Captioned web image data:
^^^^^^^^^^^^^^^^
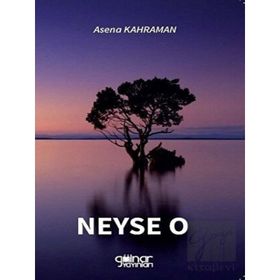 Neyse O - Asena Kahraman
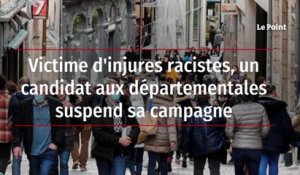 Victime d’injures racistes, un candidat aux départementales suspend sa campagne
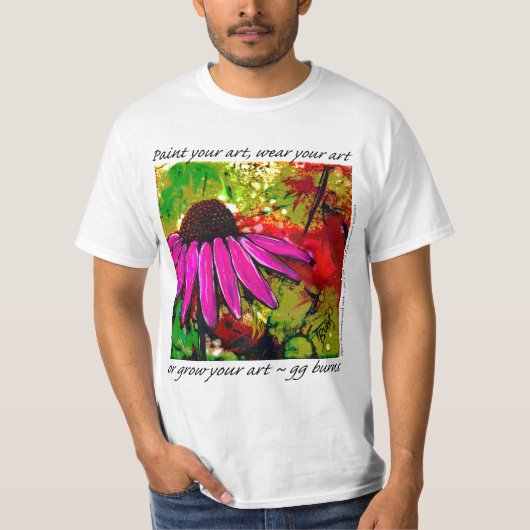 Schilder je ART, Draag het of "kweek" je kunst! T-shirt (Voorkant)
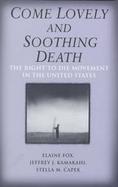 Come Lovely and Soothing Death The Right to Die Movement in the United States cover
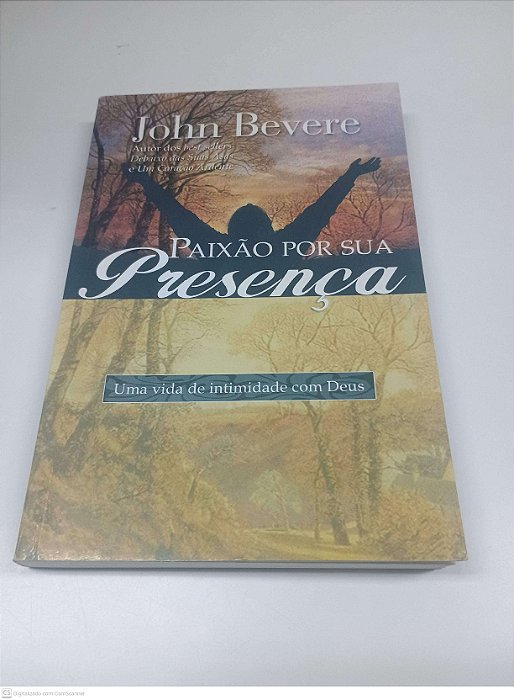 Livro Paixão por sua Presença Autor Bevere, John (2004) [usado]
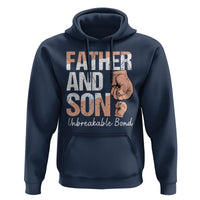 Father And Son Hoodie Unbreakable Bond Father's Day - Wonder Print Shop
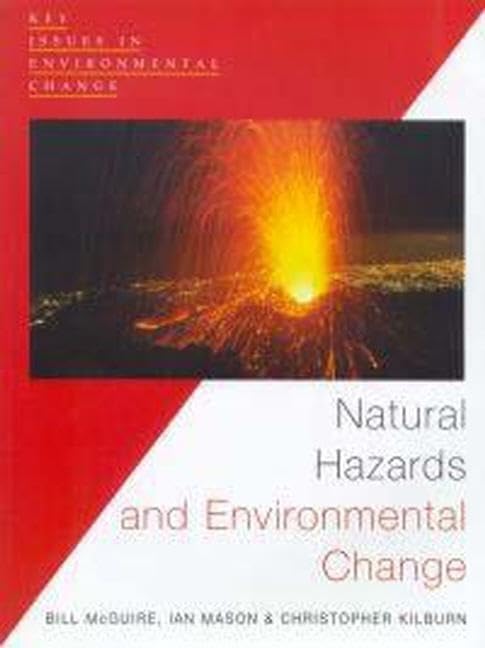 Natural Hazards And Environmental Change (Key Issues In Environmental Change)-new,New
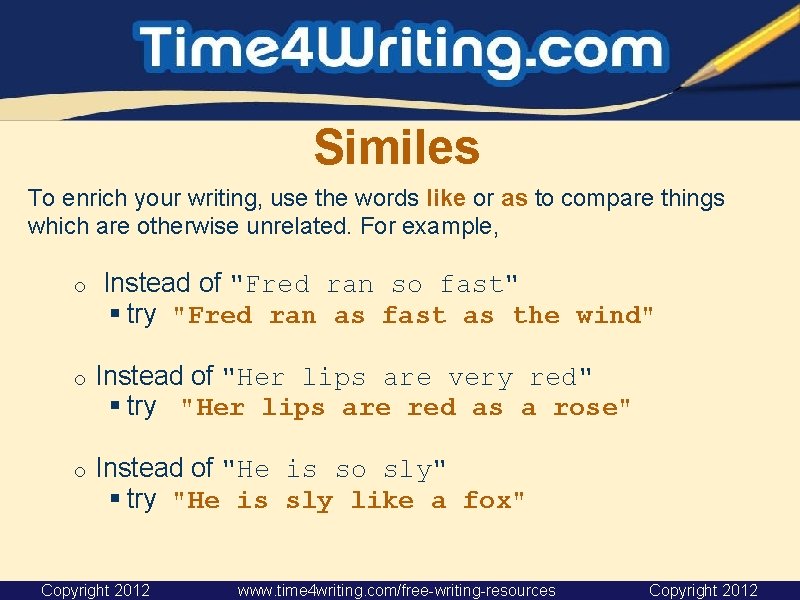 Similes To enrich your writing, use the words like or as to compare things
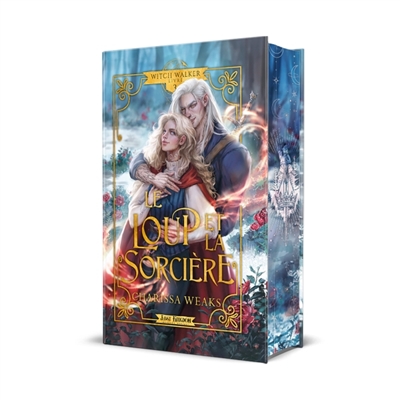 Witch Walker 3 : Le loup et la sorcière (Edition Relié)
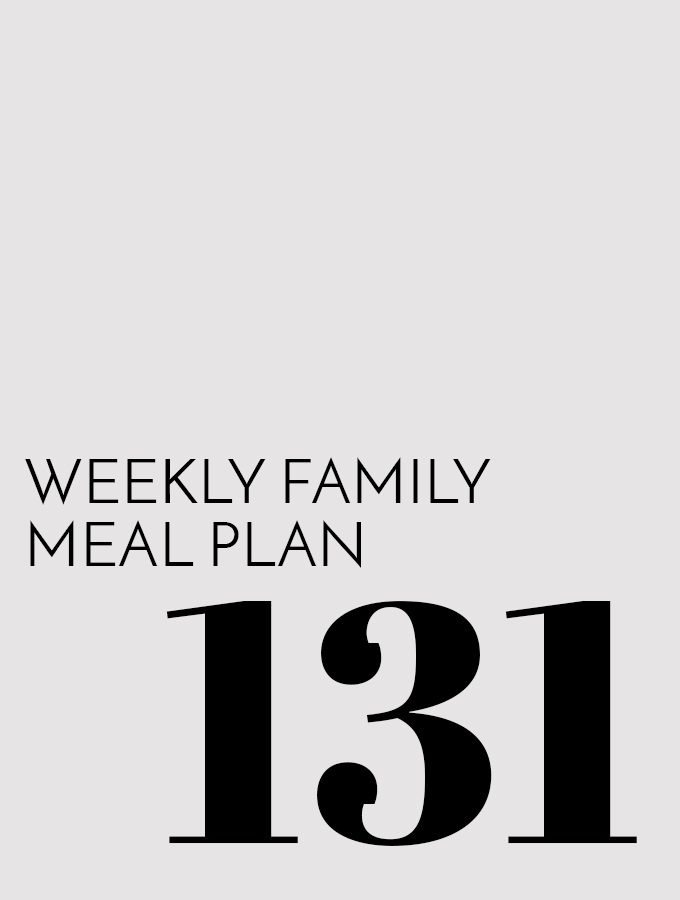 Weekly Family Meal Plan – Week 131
^^^^^^^^^^^^^^^^
▶ ASSIGNED TASK
The answer should contain nothing but the lines from the top of the data above through the line containing "Similes To enrich", copied exactly, with no images.

▶ TASK ANSWER
 Neyse O - Asena Kahraman
 Victime d’injures racistes, un candidat aux départementales suspend sa campagne
 Schilder je ART, Draag het of "kweek" je kunst! T-shirt (Voorkant)
 Come Lovely and Soothing Death The Right to Die Movement in the United States cover
 Livro Paixão por sua Presença Autor Bevere, John (2004) [usado]
 Father And Son Hoodie Unbreakable Bond Father's Day - Wonder Print Shop
 Natural Hazards And Environmental Change (Key Issues In Environmental Change)-new,New
 Similes To enrich your writing, use the words like or as to compare things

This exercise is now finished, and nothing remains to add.